• [Try it]:
Would you retype exactly the lines below, starting with the one that has "Summer Skirt for" and going on through the one that has "Olmecs Cordless Touch", with no pictures and nothing else?

• [Data for the task]:
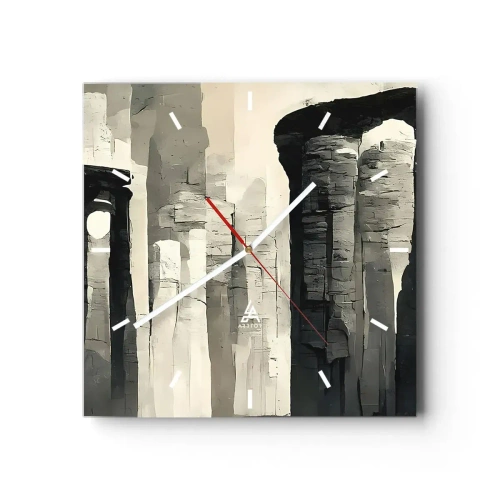 Orologio da parete - Orologio in Vetro - Colonne storiche in un ambiente monocromatico suggestivo - 30x30cm - La maestà dell'antichità - Decorazione murale moderna per soggiorno e camera da letto ARTTOR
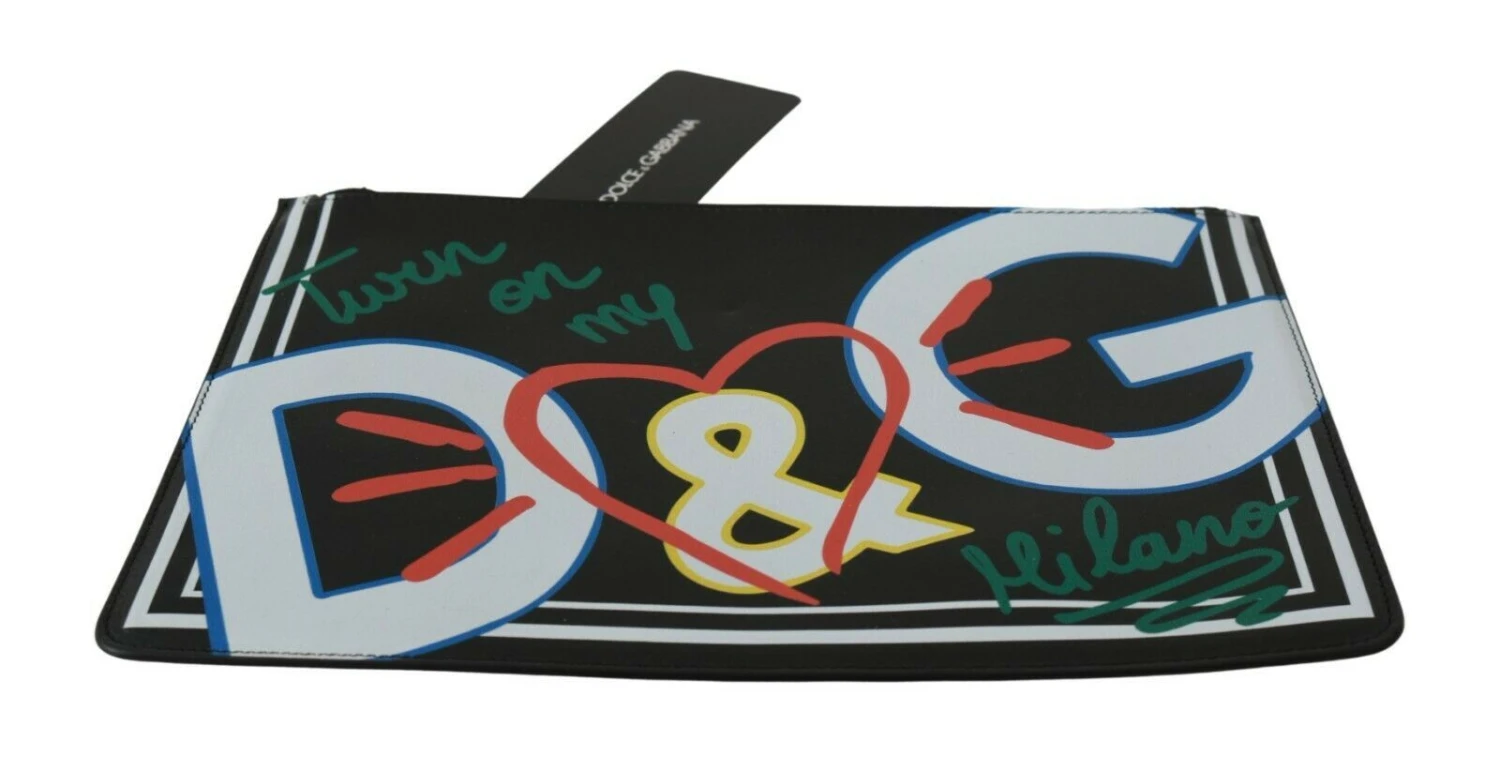 Dolce & Gabbana Black DG Print Mens Zipper Coin Purse Leather Men's Wallet 6 Dolce & Gabbana Black DG Print Mens Zipper Coin Purse Leather Men's Wallet - Image 4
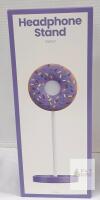 Donut Headphone Stand, Universal Fit, Accessory Organizer, Purple Figural Design, 11.61"x4.52"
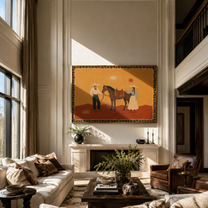 The Desert Family Gathers beside the Horse - horse and family painting by Isabelle Laurent, modern Western horizontal wall art – styled room scene view 3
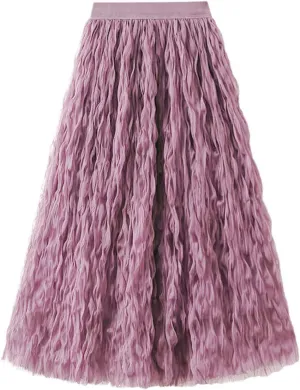 Summer Skirt for Women Trendy High Elastic Waist Lightweight Sheer A-Line Pleated Flared Maxi Shirts Long Streetwear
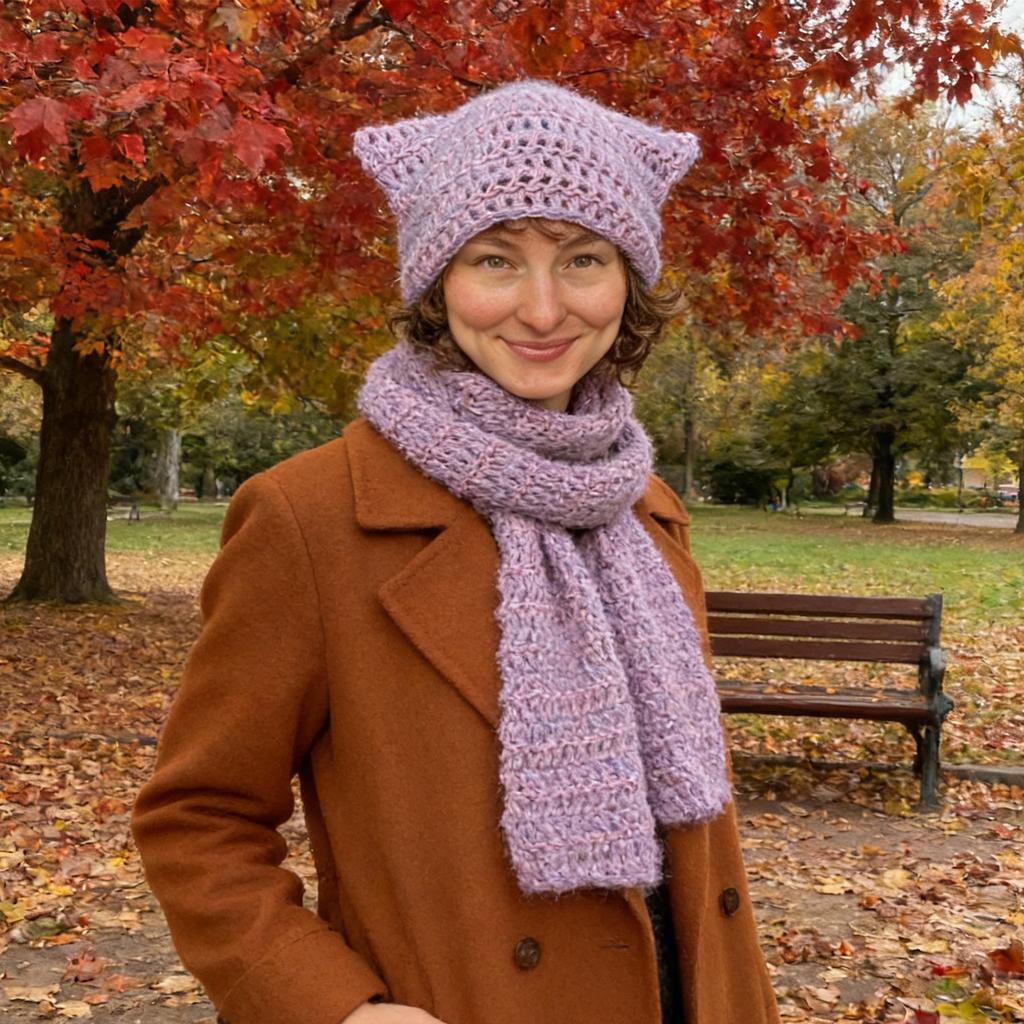 Three,color Crochet Scarf And Warm Knitted Hat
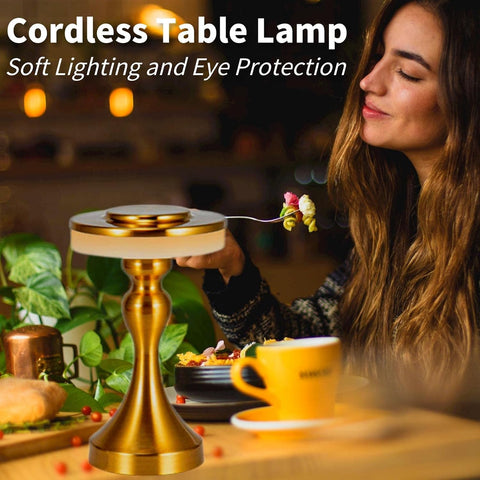 Olmecs Cordless Touch Table Lamps, Portable LED Desk lamp Battery Operated Nightstand Lamp with 3-Levels Brightness Rechargeable Night Light for Bedroom, Home, Office, Dorm, Bar (Gold)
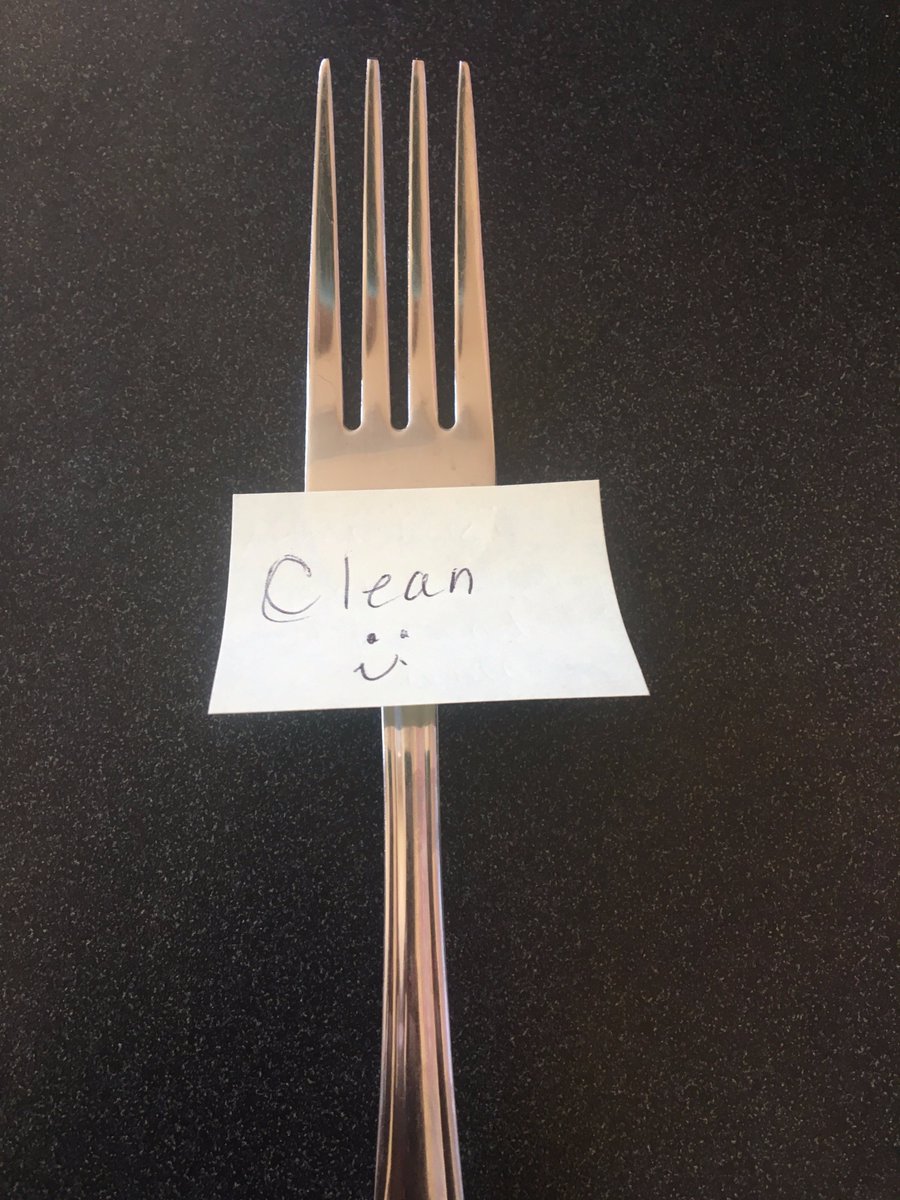Often say I can handle anything if I can find a clean fork for lunch. Found this on my desk today. Best staff ever <a href="/SJWillisEd/">SJ Staff</a>  #sd61learn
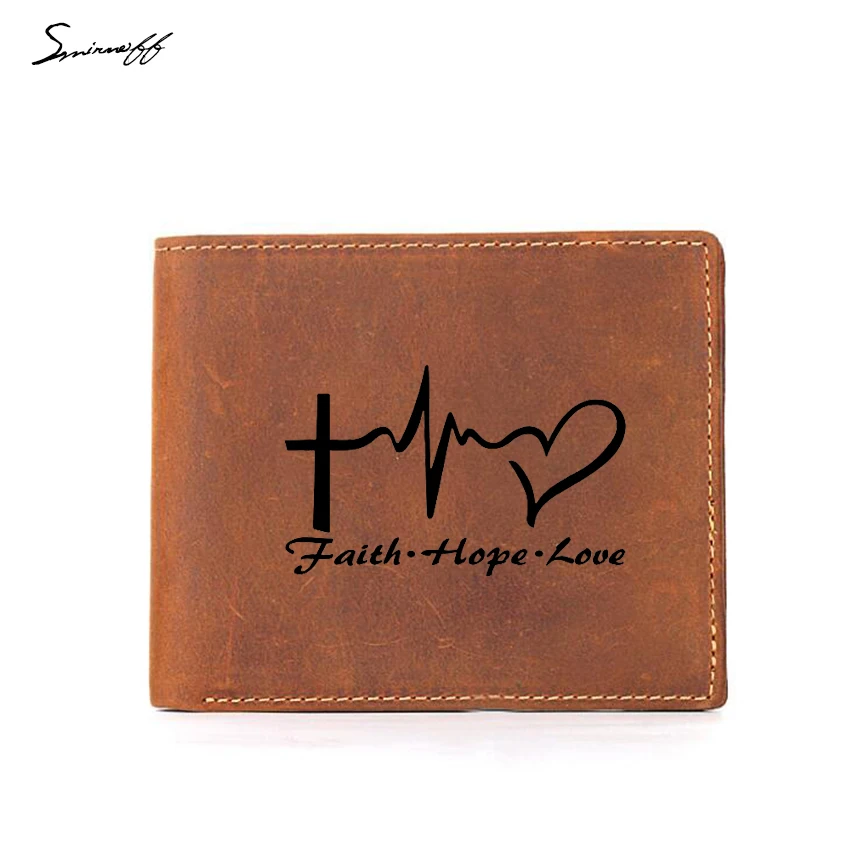 

Personality Jesus HOPE LOVE FAITH Prayer Leather Wallet Men Gift RFID Card Holders Coin Pocket Purses Custom Logo Men Wallet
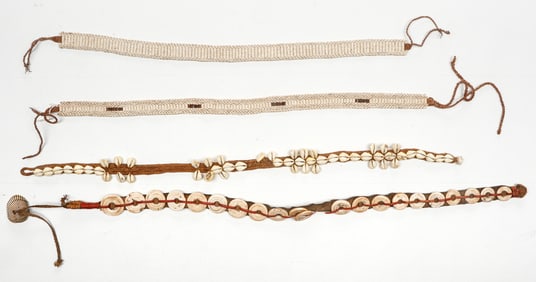 Collector's Lot of 4 Ethnographic Shell Belts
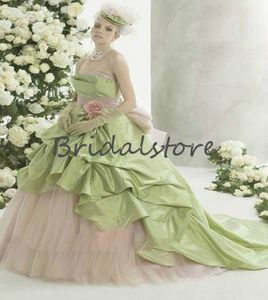 Vintage Mint Green Quinceanera Dresses 2021 z Flower Sexy Bez Ramiączek Suknia Balowa Bajka Prom Dress Pleat Gothic Robe de Mariée Elegancki Sweet 16 Vestidos 15 Años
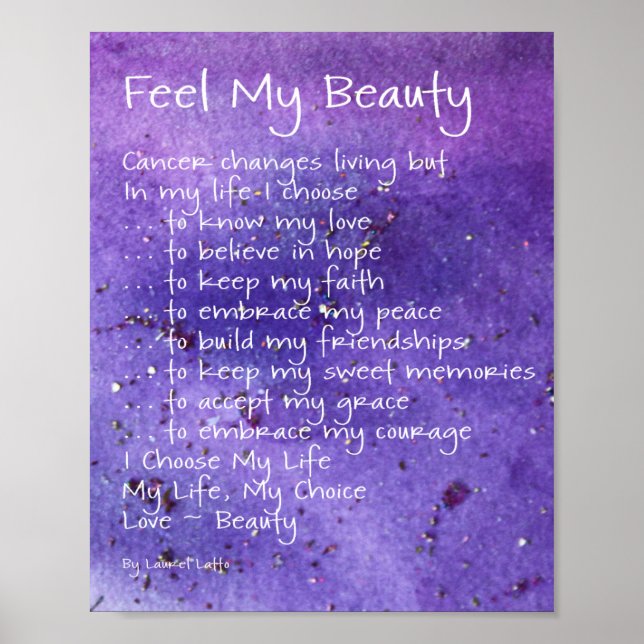 Feel My Beauty Cancer Poem Text Poster (Front)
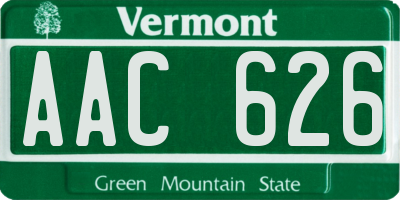 VT license plate AAC626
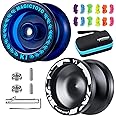MAGICYOYO Responsive Yoyos for Kids & Pros - 2 Pack: Metal Yoyo V3 + Plastic Yoyo K1 Plus, 12 Strings, 2 Holes Case Bag & Accessory Kit (V3 Black + K1 Blue)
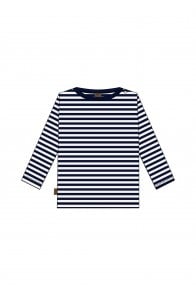 Striped top with snap buttons on the neck navy blue/ white stripes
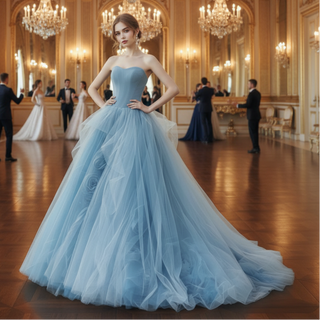 Strapless Sky Blue Ball Gown Evening Dress Prom Party Gown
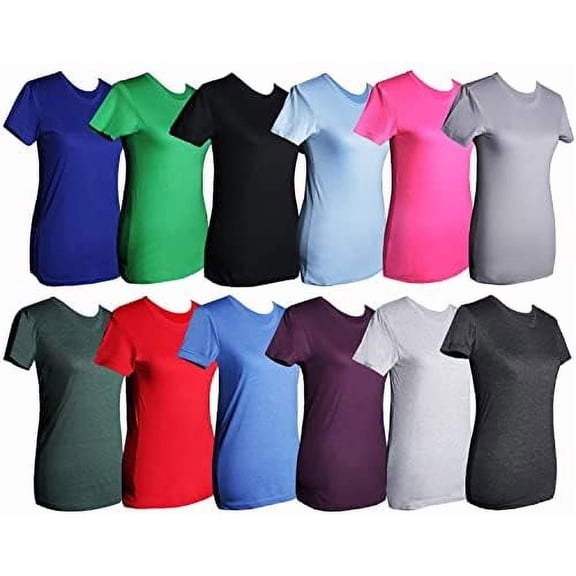 SOCKS'NBULK 12 Pack of Womens T-Shirts in Bulk, Cotton Crew Neck Scoop Short Sleeve Tees Mix Colors Bulk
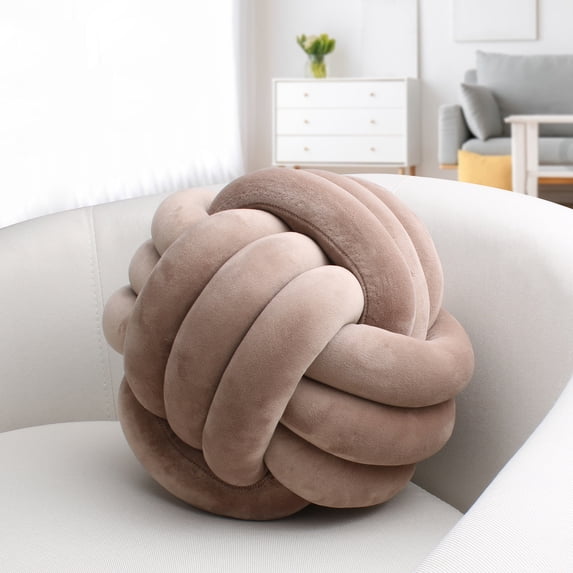 Handwoven Velvet Knot Ball Pillow - Luxurious Three-Strand Rope Cushion for Sofa, Bay Window & Bed Headrest, Living Room Decor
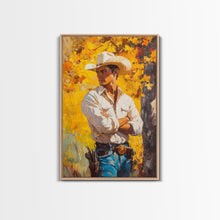 Load image into Gallery viewer, Cowboy with Autumn Foliage Canvas Print, Vibrant Fall Decor, Perfect Fall Wall Art, Seasonal Home Decor, Western Art, Framed Canvas Print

• [Exercise response]:
 Summer Skirt for Women Trendy High Elastic Waist Lightweight Sheer A-Line Pleated Flared Maxi Shirts Long Streetwear
 Three,color Crochet Scarf And Warm Knitted Hat
 Olmecs Cordless Touch Table Lamps, Portable LED Desk lamp Battery Operated Nightstand Lamp with 3-Levels Brightness Rechargeable Night Light for Bedroom, Home, Office, Dorm, Bar (Gold)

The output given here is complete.